An external expert advisory council evaluates the research proposals and makes funding recommendations for programs developed by USA faculty. This group is made up of community representatives, nationally and internationally recognized professionals in academia and local leaders.
“I’m excited about this ambitious program and how the University is helping troubled young people in our community,” Johnson said. “The overall goal is to provide a foundation of meaningful change for those in need.”
According to Johnson, YVPP programs held at locations such as the Strickland Youth Center and the Boys and Girls Clubs helped determine the effectiveness of the community’s efforts to prevent violence. He also said that Camp Martin and the Girls Reaching Our Womanhood Through Healing program, GROWTH, was created to help youths who exhibit violent behavior by motivating them to become positive and productive citizens in the community.
“The Youth Violence Prevention Program provides support for research in the USA College of Arts and Sciences,” Johnson said. “I’m pleased to say there have been YVPP research projects that are helping teenagers who are experiencing relationship violence, and other projects, which have reduced child abuse and improved literacy in our community.”
The YVPP, funded on an annual basis, is working to identify the causes of youth violence while it is enhancing the ability to develop and implement interventions, which have already been proven to reduce violent acts by youths.
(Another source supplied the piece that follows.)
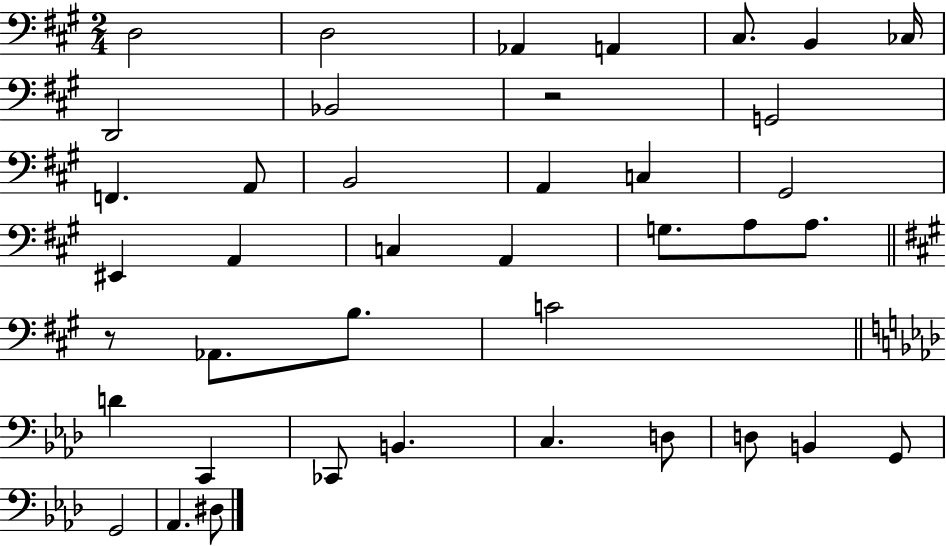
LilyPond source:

“One of the assets of this program has been the opportunity for numerous USA faculty and students to develop ongoing collaborative relationships with a variety of community partners,” said Dr. Jennifer Langhinrichsen-Rohling, professor in the department of psychology and co-principal investigator of the YVPP. “Community partners with the YVPP have included the Boys and Girls Clubs, the Mobile County District Attorney’s Office, the Mobile Teen Center, Camp Martin, GROWTH, Wilmer Hall, and many others.”
YVPP Program Manager Shannon Shelley-Tremblay reiterated that USA research projects support the community through mutual efforts. The program is helping to empower youths to live crime-fee lives through these intervention programs.
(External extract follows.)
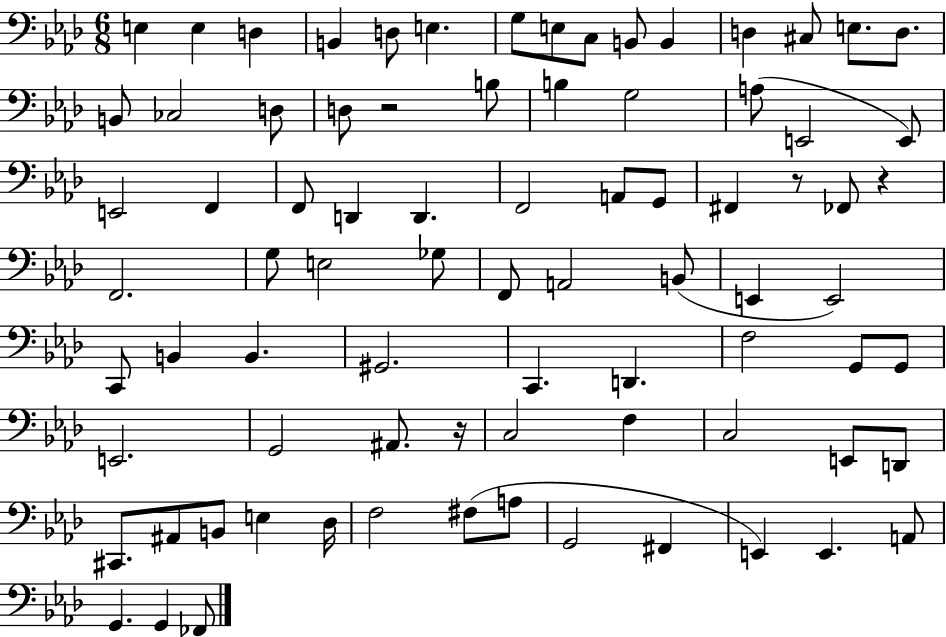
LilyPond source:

“This University is a community partner that’s working to make Mobile safer, while reaching out to serve as a support system for the youths and their families,” she said.
The YVPP, formed in 2001, is funded through the U.S. Department of Justice.
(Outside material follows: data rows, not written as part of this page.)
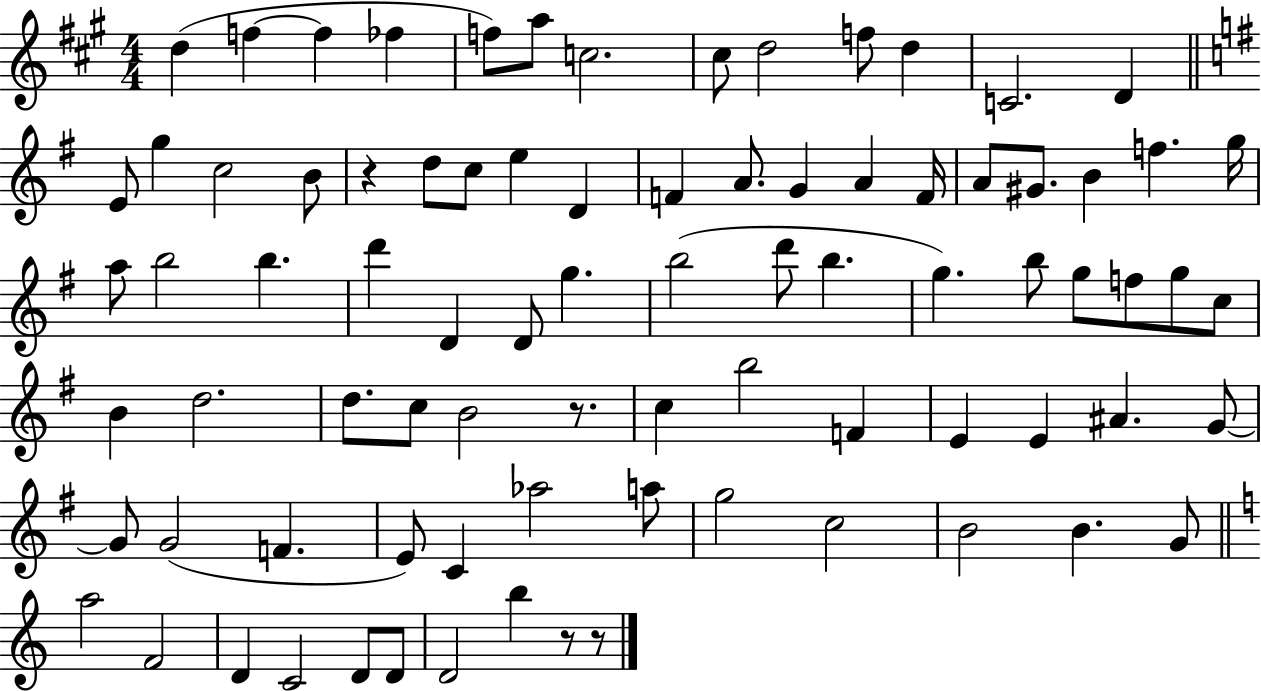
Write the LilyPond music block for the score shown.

{
  \clef treble
  \numericTimeSignature
  \time 4/4
  \key a \major
  d''4( f''4~~ f''4 fes''4 | f''8) a''8 c''2. | cis''8 d''2 f''8 d''4 | c'2. d'4 | \break \bar "||" \break \key g \major e'8 g''4 c''2 b'8 | r4 d''8 c''8 e''4 d'4 | f'4 a'8. g'4 a'4 f'16 | a'8 gis'8. b'4 f''4. g''16 | \break a''8 b''2 b''4. | d'''4 d'4 d'8 g''4. | b''2( d'''8 b''4. | g''4.) b''8 g''8 f''8 g''8 c''8 | \break b'4 d''2. | d''8. c''8 b'2 r8. | c''4 b''2 f'4 | e'4 e'4 ais'4. g'8~~ | \break g'8 g'2( f'4. | e'8) c'4 aes''2 a''8 | g''2 c''2 | b'2 b'4. g'8 | \break \bar "||" \break \key c \major a''2 f'2 | d'4 c'2 d'8 d'8 | d'2 b''4 r8 r8 | \bar "|."
}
U.S. Sen. Richard Shelby is a strong supporter of the USA Youth Violence Prevention Program and has been key in securing the funding from the Department of Justice.
University of South Alabama College of Arts & Sciences
As the largest college in the University, the College of Arts and Sciences includes 19 departments and several interdisciplinary programs offering 25 majors, 33 minors and one certificate program.
The college also provides the core liberal arts education for all University students, introducing them to a broad spectrum of knowledge in each of four main areas: the humanities, social and behavioral sciences, natural sciences, and fine and performing arts.
The faculty of the College of Arts and Sciences are actively engaged in research, which enables them to integrate recent advances in knowledge into the classroom. They contribute to the growth of knowledge through their research, publications and creative achievements, both in their professions and in the community.
The College of Arts and Sciences currently enrolls 3,741 students. USA has awarded more than 57,000 degrees.